RFC 1034 §5.2.2 ("In most cases a resolver simply restarts the query at the new name when it encounters a CNAME") was written with these in mind.
Stub resolver¶
A stub resolver is the client-side library that most applications actually link against. It does not walk the authoritative hierarchy — it forwards queries to a configured recursive resolver (e.g. 1.1.1.1) and parses the response. Stubs are the last-mile layer between userspace code and DNS.
Examples:
- glibc
getaddrinfo— Linux userspace default; sequential expected-name parser. - systems/systemd-resolved — systemd's system stub; parses into an ordered set.
- musl libc's resolver, macOS's
<dns_sd.h>, Windows'GetAddrInfoEx, browser-built-in resolvers. - Embedded DNS stacks in routers, switches, IoT devices (Cisco's Catalyst DNSC process is an example).
Why the split matters¶
Stub resolvers are simpler — they don't need to understand NS/glue/delegation or walk zones; they just need to extract addresses from the response their recursive sent them. This simplicity means stubs often:
- Skip CNAME-restart logic (they aren't resolving; they're parsing).

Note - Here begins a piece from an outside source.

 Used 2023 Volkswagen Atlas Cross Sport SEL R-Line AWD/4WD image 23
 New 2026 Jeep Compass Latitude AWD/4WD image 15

- Assume specific wire-format layouts that aren't RFC-mandated (e.g. CNAMEs before A records).
- Are embedded in firmware and never updated once shipped — the long tail Cloudflare explicitly invokes in the 1.1.1.1 post-mortem.

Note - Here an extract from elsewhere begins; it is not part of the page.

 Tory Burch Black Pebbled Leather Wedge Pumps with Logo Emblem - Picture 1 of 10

Why "RFC-compliant" can still break stubs¶
RFC 1034 §5.2.2's CNAME-restart language doesn't apply to stub resolvers because stubs don't restart queries — they process responses. So a resolver behaviour that the full-resolver spec permits (e.g. reordering A and CNAME records inside an answer section) can still break stubs that read the response with stricter assumptions.
This is the structural reason the 2026-01-08 Cloudflare incident
affected glibc getaddrinfo (stub) and Cisco Catalyst DNSC (stub)
but did not affect 1.1.1.1-the-recursive-resolver as a
downstream (another recursive hitting Cloudflare): other
recursives do CNAME-restart and never encounter a full merged
chain in the response.
Implication for protocol evolution¶
DNS standards evolve through full recursive resolvers (where the bar is "does Unbound/BIND/Knot implement it") but deploy into a world dominated by stubs (where the bar is "does every embedded device shipped in the last 20 years tolerate the change"). The second bar is much higher. This is why the Cloudflare post settles for a conservative "require CNAMEs in order" wire format and a companion Internet-Draft rather than relying on the RFC's technically-permissive language.